Tuesday, February 15, 2011

League Of Ordinary Gentlemen: Terrible Movies #56


It would be easy to mock bowling. It was seen as uncool, and in all fairness this film was made prior to the resurgence of companies like Lucky Strike who are successfully making bowling seem cool again.

Why am I calling this film terrible? It's not due to lack of skill on the part of the film-makers. It looks and acts like most documentaries. Real-life people are interviewed, and we see them doing the things that the film-makers think we will find interesting, and the film-makers attempt to illuminate us and make us feel connected to these people. Usually through subtle (or, in this case, not-so-subtle) imagery; for instance, shots of factories, or clothing emblazoned with flags, are meant to make you feel a particular way. Interviews are conducted, in this case America, Family, or History is mentioned again and again, and experts are brought in to back up and forward some sort or agenda. This documentary film doesn't vary from the standard.

An expert is interviewed who states that intellectual elitism based in Hollywood is responsible for the downfall of bowling, which was once the most watched televised sporting event, and sometime later the owner of the PBA is shown screaming (or speaking motivationally, take your pick) at a crowd of bowling enthusiasts, and saying that the segmentation of the television viewing audience as the downfall of bowling, that bowling was 'boring America to death', and this is a huge obstacle to overcome.
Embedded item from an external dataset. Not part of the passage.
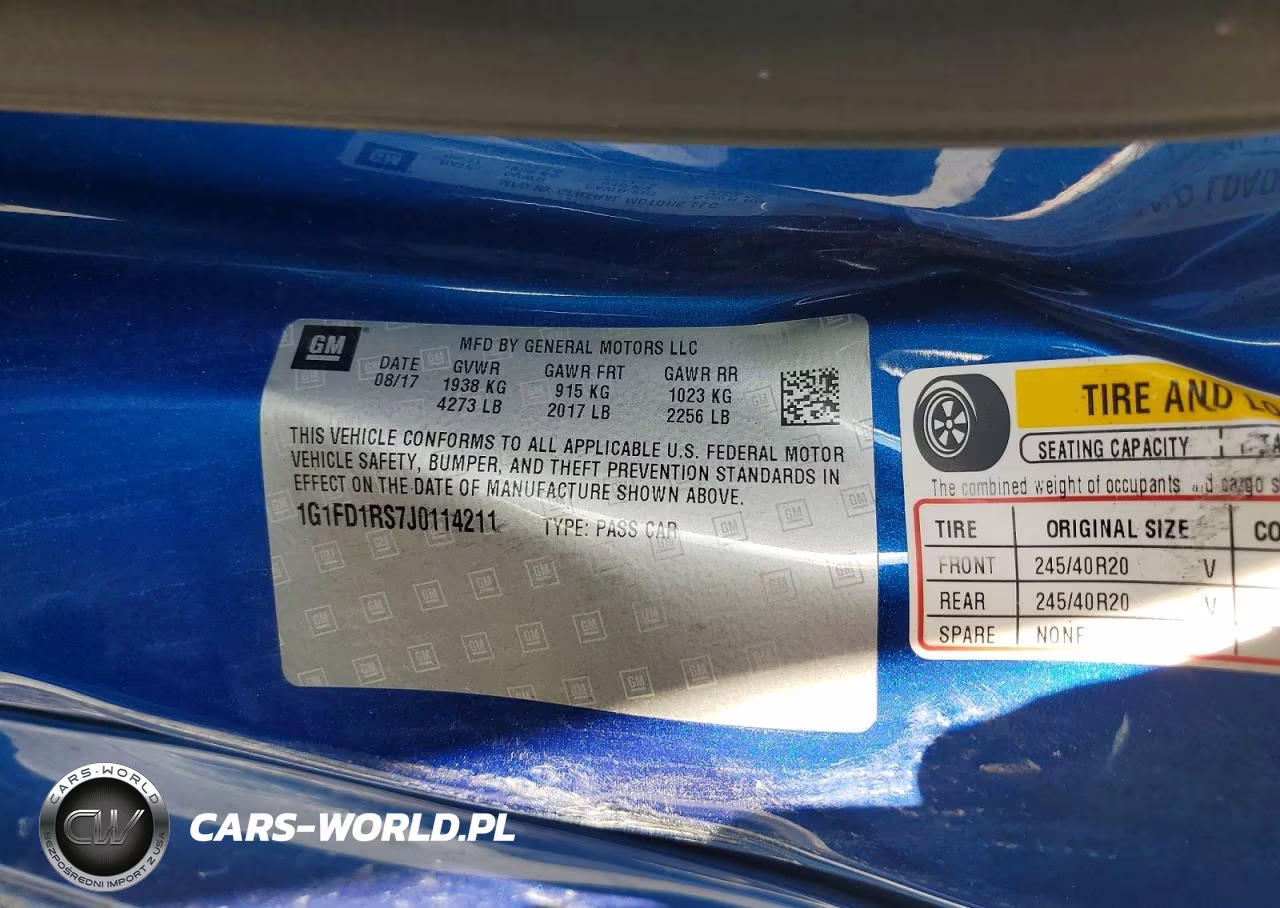 2018 Chevrolet Camaro Lt VIN:1G1FD1RS7J0114211 - 12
And they show clips from the Farrelly Brothers film Kingpin to further their agenda, that this film has skewered and destroyed the image of bowling, and then sometime later show historical clips of mustachioed and mulleted bowlers in action that look suspiciously like the film that lampoons them.

But I feel the expert and the film-makers misses a point, that what is popular is rarely and not necessarily cool. So I would say what makes this film a failure is a lack of unifying message and a cast of unlikeable personalities, but it's still an interesting insider's look at a struggling sport. On Netflix Instant Streaming.